* DATA SHOWN:
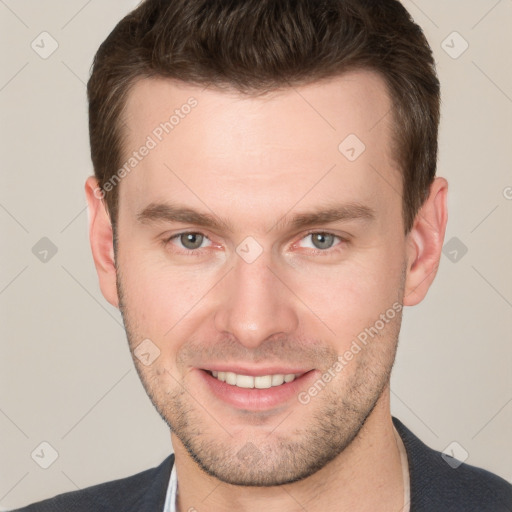 Joyful white young-adult male with short  brown hair and grey eyes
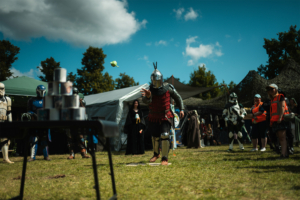 Olympiade Die Roten Adler vs. 501st Legion Ein kostümierter Teilnehmer wirft während des Elbenwald Festivals eine grüne Kugel auf einen Stapel Dosen. Im Hintergrund sind weitere Cosplayer und festivaltypische Zelte zu sehen, die die lebendige Atmosphäre des Events unterstreichen.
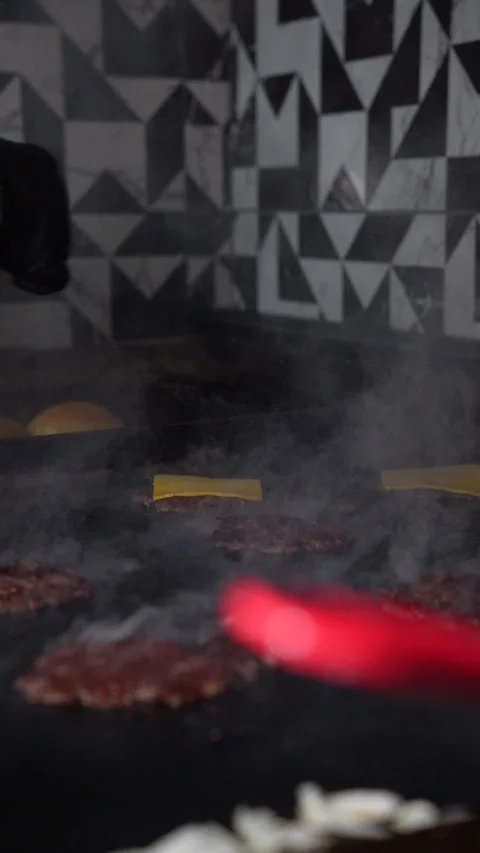 The chef is preparing smash burgers. Stock Footage 294956099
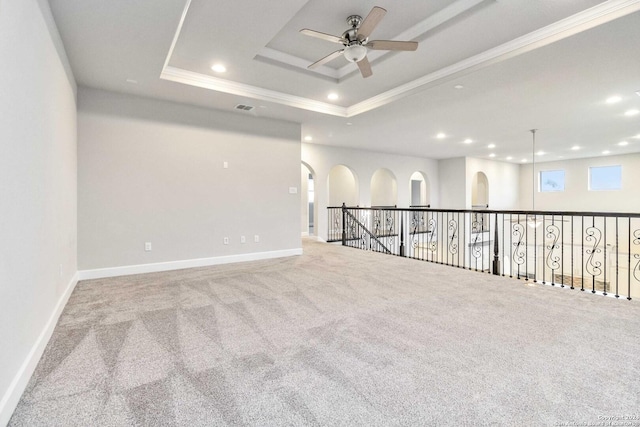 carpeted empty room featuring a raised ceiling, crown molding, and ceiling fan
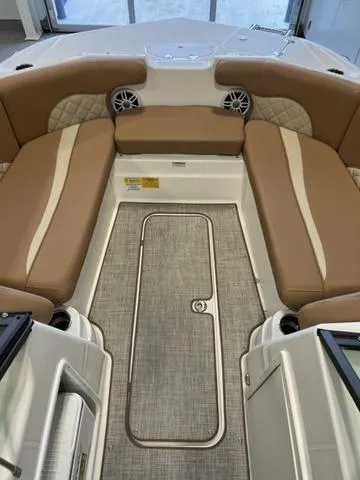 Slide: The Image of 2024 NauticStar 203 DC boat interior with tan seating and storage compartments. - 10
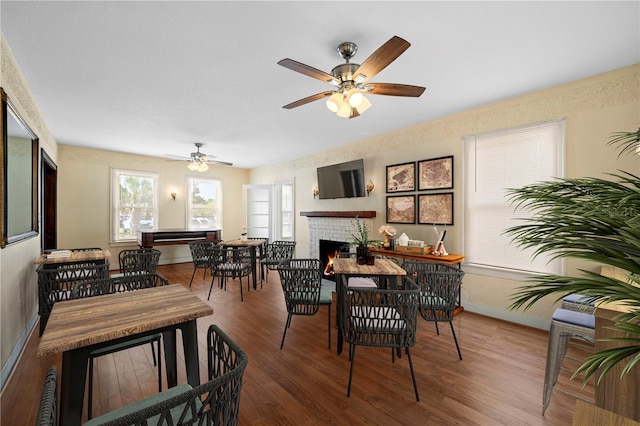 1400 Florida Ave, Saint Cloud, FL 34769 - dining area featuring wood finished floors, a fireplace, baseboards, and a ceiling fan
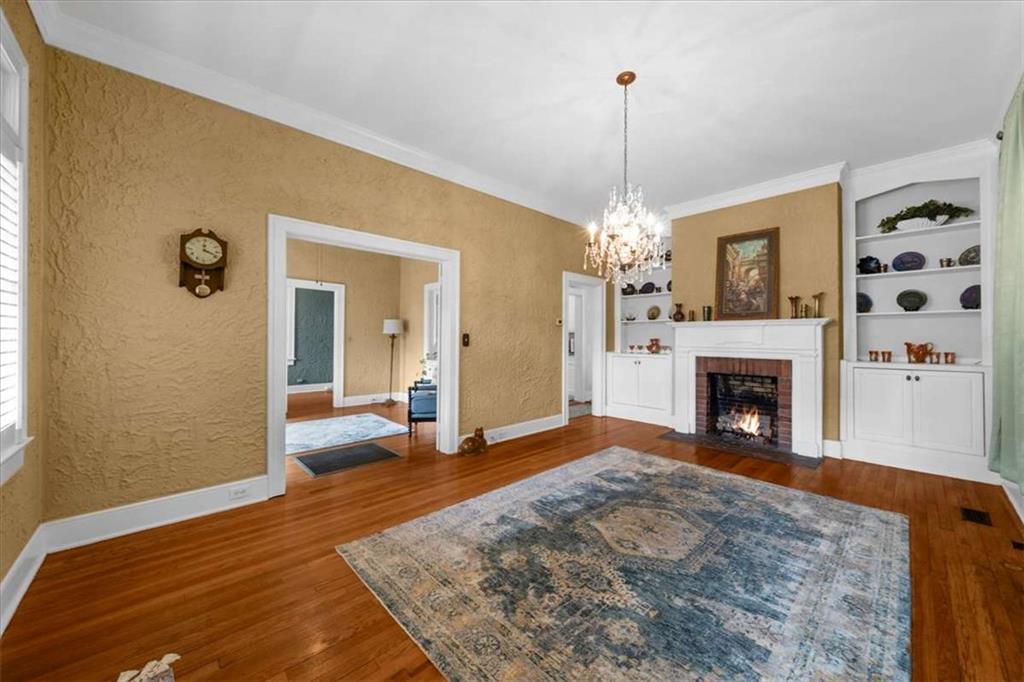 106 Westmore Road Southwest Rome, GA 30165 - Photo 6 of 56 a view of a livingroom with a fireplace and a chandelier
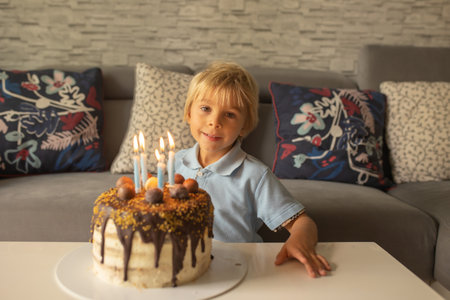 Beautiful adorable five year old boy in blue shirt, celebrating his birthday with homemade cakeの写真素材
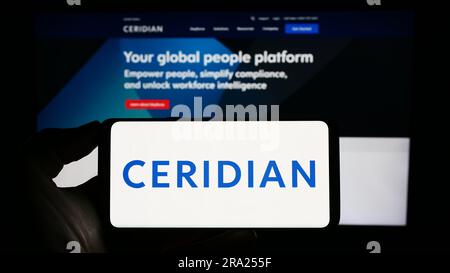 Person, die ein Smartphone mit dem Logo des US-amerikanischen Softwareunternehmens Ceridian HCM Holding Inc. Auf dem Bildschirm vor der Website hält. Konzentrieren Sie sich auf das Display des Telefons. Stockfoto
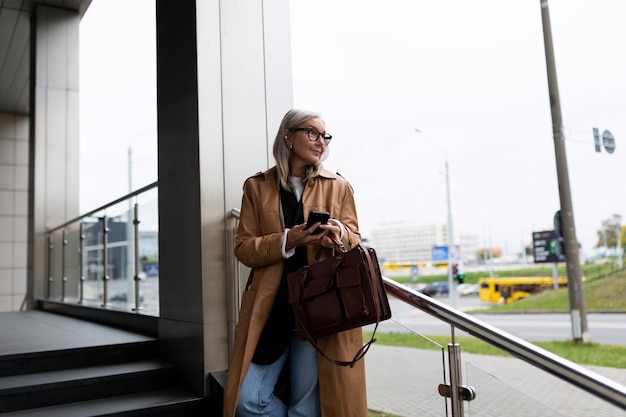 year old female lawyer waiting for a client for a meeting near the business center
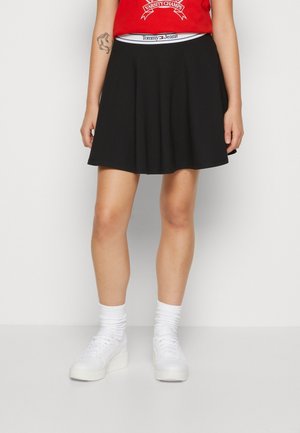 Vrouw die een zwarte Tommy Jeans-rok draagt met een witte tailleband, witte sneakers en witte sokken, staand tegen een effen lichte achtergrond.
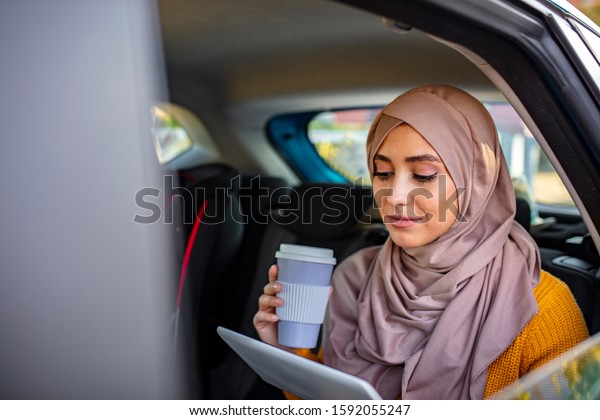 Busy young arabian woman with hijab on head sitting\
in taxi cab, typing on laptop keypad and talking on smartphone.\
Portrait of a young, attractive Muslim woman wearing a hijab\
commuting in a car.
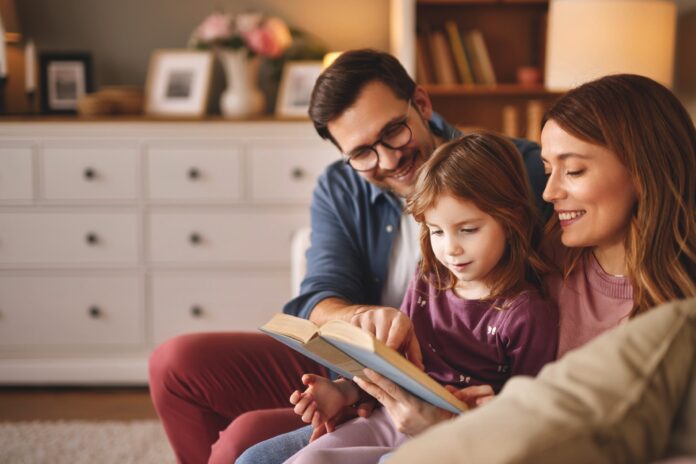 Family with little daughter reading book on sofa in living room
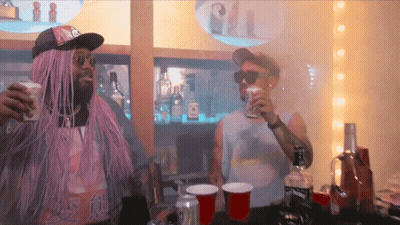 A Man In A Purple Wig Is Standing Next To A Man In A White Tank Top That Says ' Sally ' GIF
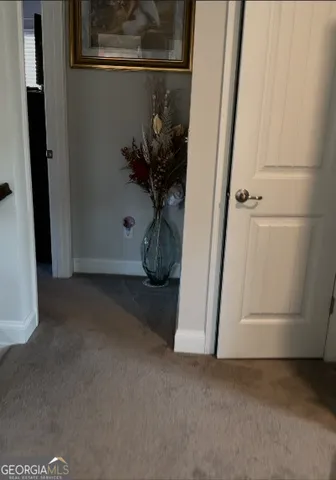 a view of a house with a backyard space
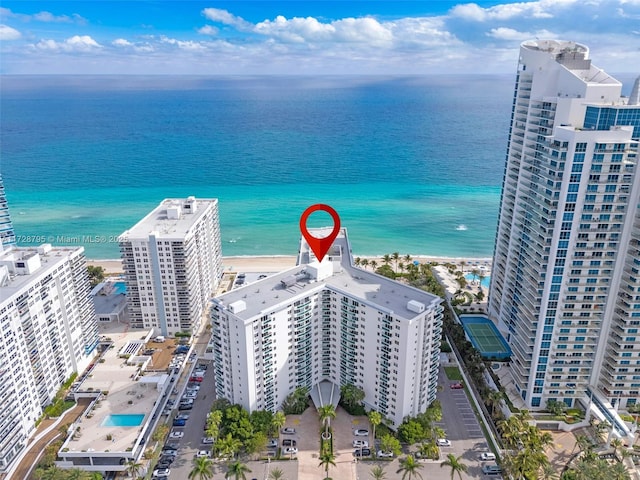 birds eye view of property featuring a water view and a beach view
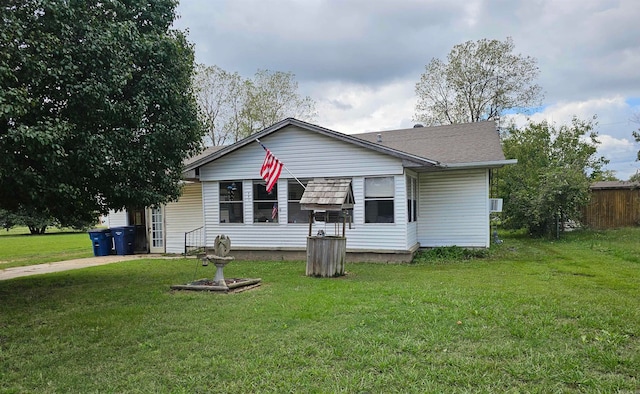 view of front of property with a front lawn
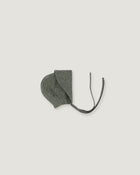 A green linen bonnet with a long visor rolled up  on a white background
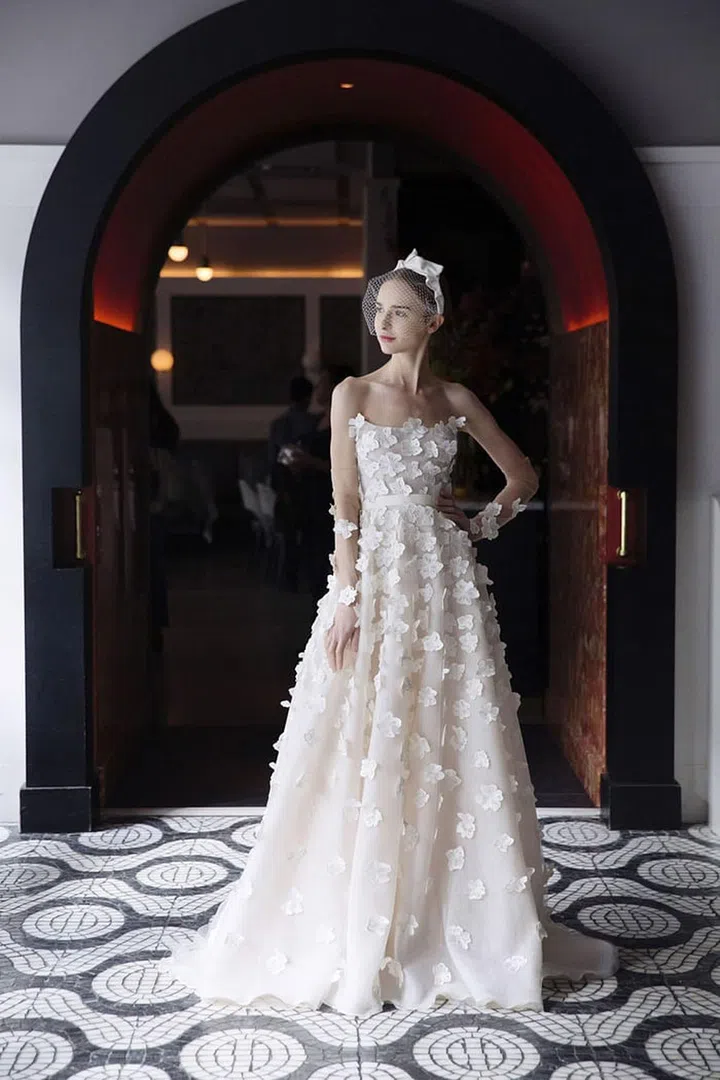 Three- dimensional appliqués that hearken to your natural setting make any A-line shape the ultimate look for your rural nuptials. Lela Rose "The Primrose Hill" gown, lelarose.com.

* PROBLEM DESCRIPTION:
Above are some records. Output exactly the lines from the one that contains "1400 Florida Ave, Saint" to the one that contains "Vrouw die een", keeping both, and omit the pictures.

* WRITTEN SOLUTION:
 1400 Florida Ave, Saint Cloud, FL 34769 - dining area featuring wood finished floors, a fireplace, baseboards, and a ceiling fan
 106 Westmore Road Southwest Rome, GA 30165 - Photo 6 of 56 a view of a livingroom with a fireplace and a chandelier
 Beautiful adorable five year old boy in blue shirt, celebrating his birthday with homemade cakeの写真素材
 Person, die ein Smartphone mit dem Logo des US-amerikanischen Softwareunternehmens Ceridian HCM Holding Inc. Auf dem Bildschirm vor der Website hält. Konzentrieren Sie sich auf das Display des Telefons. Stockfoto
 year old female lawyer waiting for a client for a meeting near the business center
 Vrouw die een zwarte Tommy Jeans-rok draagt met een witte tailleband, witte sneakers en witte sokken, staand tegen een effen lichte achtergrond.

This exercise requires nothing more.